There are thistle like plants (in that they are very spikey with blue flowers and resistant to herbivores) for example Eryngyium maritimum the Sea-holly. There are 250 species of Eryngyium worldwide and in addition horticultural cultivars, such as Eryngyium giganteum . That partly answers the question posed earlier. That is gardeners love thistles and thistle like plants from a number of genera. Gardening presenter Monty Don wrote an interesting piece for The Mail online in 2012 on this very matter. For his garden Monty favoured the giant cotton thistle and The Globe Thistle Echinops ritro. We grow The Globe Thistle in our garden and once the flowers open they are irresistible to bees. It always pleases me to see bumble bees and honey bees together on the same flower, often in numbers.There are ornamentals as mentioned already and of course the Globe Artichoke is a thistle. Then there are those who love the thistle as an emblem, for example The Scots. I will leave it there in answer to the question Who loves a thistle?
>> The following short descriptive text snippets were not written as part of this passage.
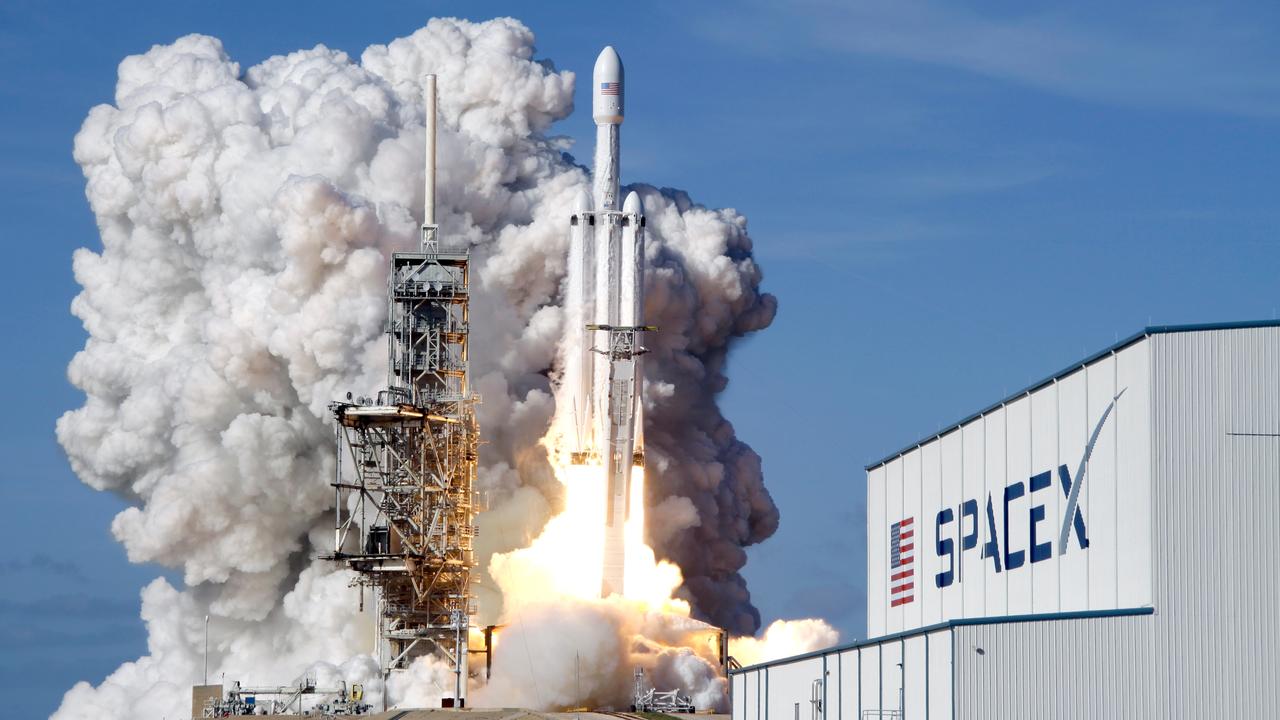 A SpaceX heavy rocket lifts off (file image)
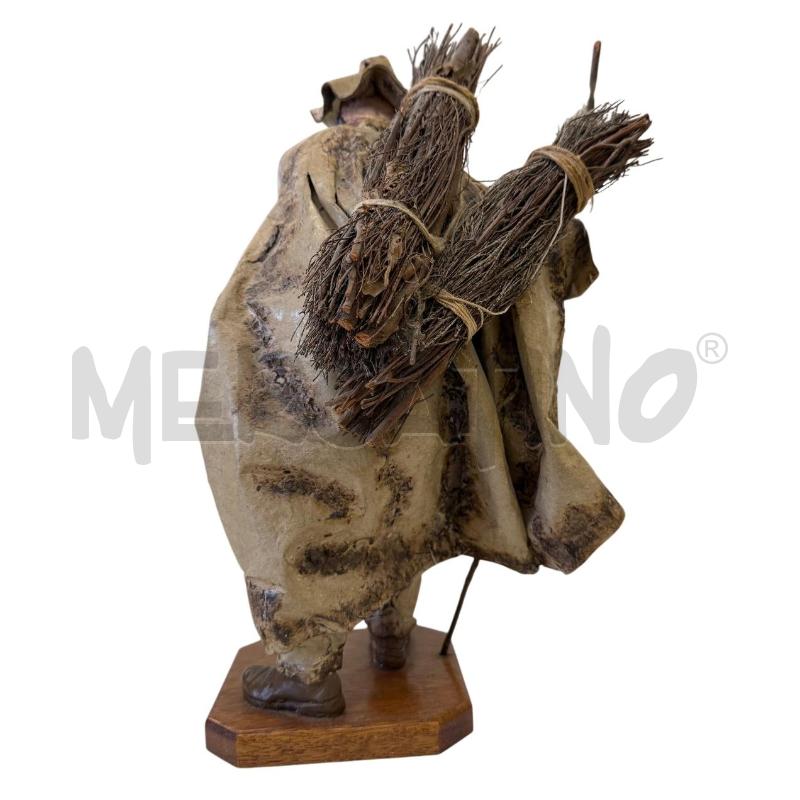 STATUA CARTAPESTA TERRACOTTA CLAUDIO RISO ANZIANO CON REMETTI  | Mercatino dell'Usato Molfetta 2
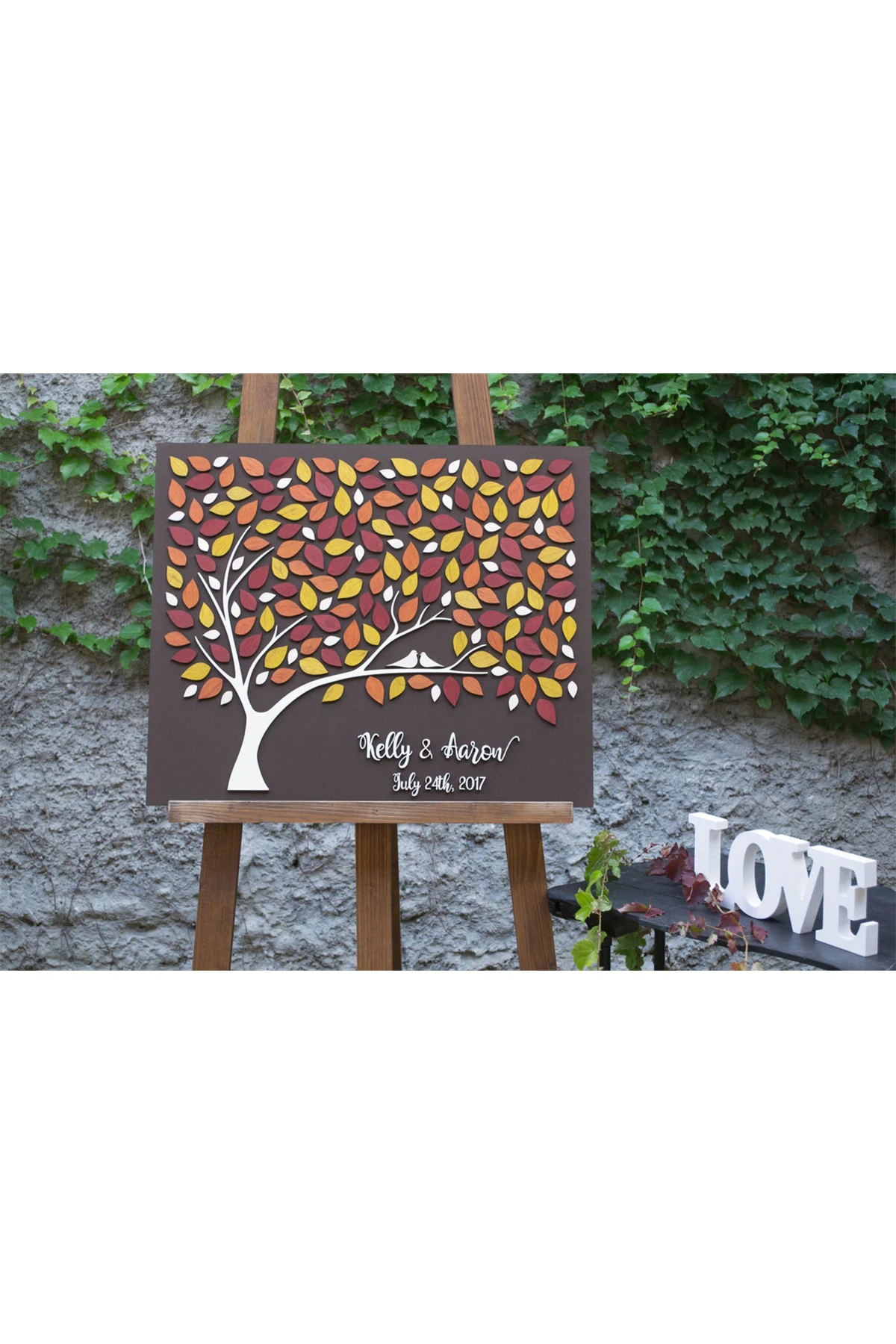 Wedding Guest Visitor Signature Book Wooden Personalized Alternatives to Names Date Mr and Mrs Mariage 3D Love Valentine's Rusti | Дом и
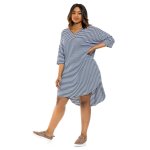 Donnay Plus Size T-Shirt Stripe Dress - Navy & White
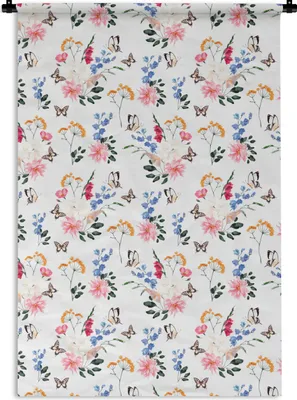 Produktbild von MuchoWow® Wandteppich Wandbehang Blumen - Schmetterling - Pastell 120x180 cm Tapisserie Dekoration Wandtuch - Schlafzimmer - Dekorationen für das Haus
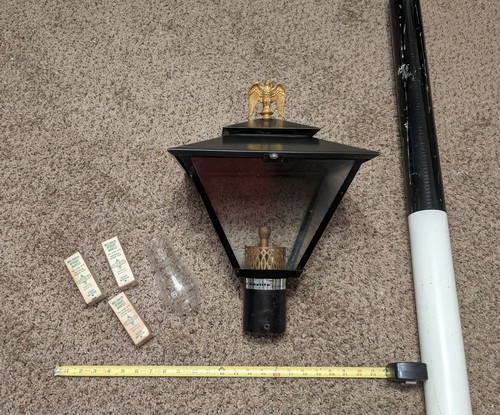 Antique ARKLA Eagle Gaslite Lantern w 3 New Mantles Glass Globe 7 ft Post NOS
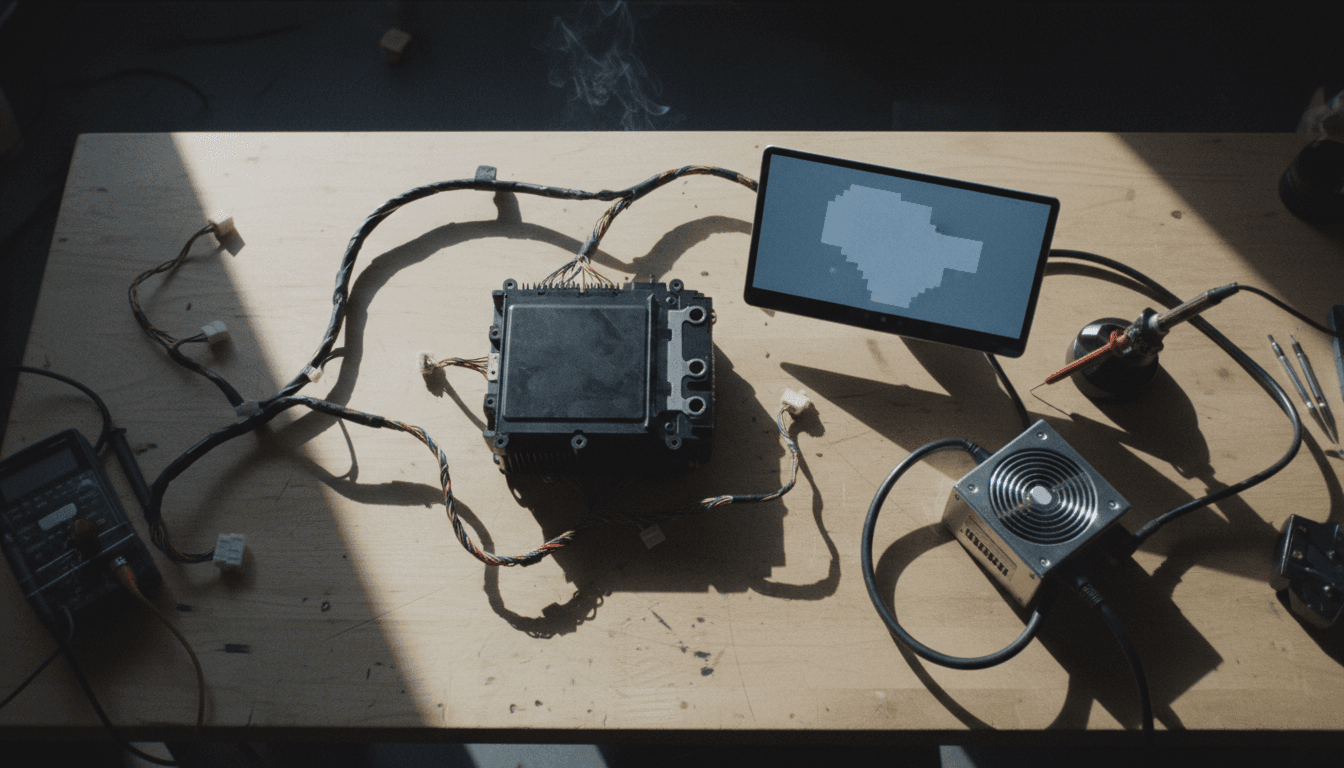 An aerial view showing the disassembled components of a Tesla Model 3 PC transformation laid out neatly on a workbench, with circuit boards, connectors, and a display screen visible.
Moving on to where that love turns to scepticism or hate of thistles. As I mentioned, there are 15 species of wild flower in UK called thistles. Their spikiness makes them unpopular with walkers and gardeners. They are difficult to handle once the plant reaches maturity. Catch them very small and gloves and a fork is all you need to get them to the compost heap. Once mature their flowers attract many insects as they are good sources of nectar. Insects with long tongues can cope with the relatively deep flowers. The various species of Fritillary butterflies are particularly dependent upon thistle flowers for their nectar. Thistles are prolific seeders and so spread quite well. A big plus point for the seeds is that Goldfinches like them. Regarding spreading and being a nuisance, two species of thistle are included in The Weeds Act 1959 and described as injurious weeds. The two in question are The Creeping Thistle Cirsium arvense, and The Spear Thistle Cirsium vulgare. Both are common across the whole of the UK. They are a nuisance in grazing land as they are not eaten by the grazer and crowd out more nutritious plants in their immediate vicinity. Ironically, the latter is probably the species represented in the Scots National emblem.
When I first moved to The Park there were some patches of thistles close to the newly fenced property boundaries so efforts have been made to mow them down each year in the growing season. There are no troublesome patches now.
So this brings me nicely to my recurring theme in these blog pieces. How much mowing and tidying is too much? You may be thinking that thistles can safely be shown no mercy unless they are garden cultivars or artichokes. Wrong, not all thistles in UK are common or widespread. Some only thrive in specific conditions and therefore need some thought and even care. On The Park we have to date managed some grassy areas as meadows. Well meadow-ish. Grass is allowed to grow throughout summer with some mowing in spring and autumn. This allows a range of wildflowers to grow, flower and seed. This undoubtedly benefits wildlife and warms the heart of anyone who derives pleasure from seeing and identifying the wild flora. This management regime for the grass areas in question was with hindsight a good choice. The grassland is on chalk. Chalky grassland supports a wide range of wild plants. One of the thistles with some rarity and limited range occurs in this grass. The Park has various claims to wildlife fame and this thistle, The Woolly Thistle Cirsium eriophorum is one of them. The Park is right on the edge of The Woolly Thistle's geographical range and I have personally seen up to 20 plants dotted around on one of our meadow areas. They look impressive when in flower. It is interesting that they seem to be growing in a narrow swathe across the area which suggests to me that wind dispersal of the seed is determining where they occur.
I have no trouble loving this particular thistle because it looks good and attracts beautiful insects but I also feel some responsibility for ensuring that it is not demonised and eradicated from this extremity of its range in the chalky grassland on The Park.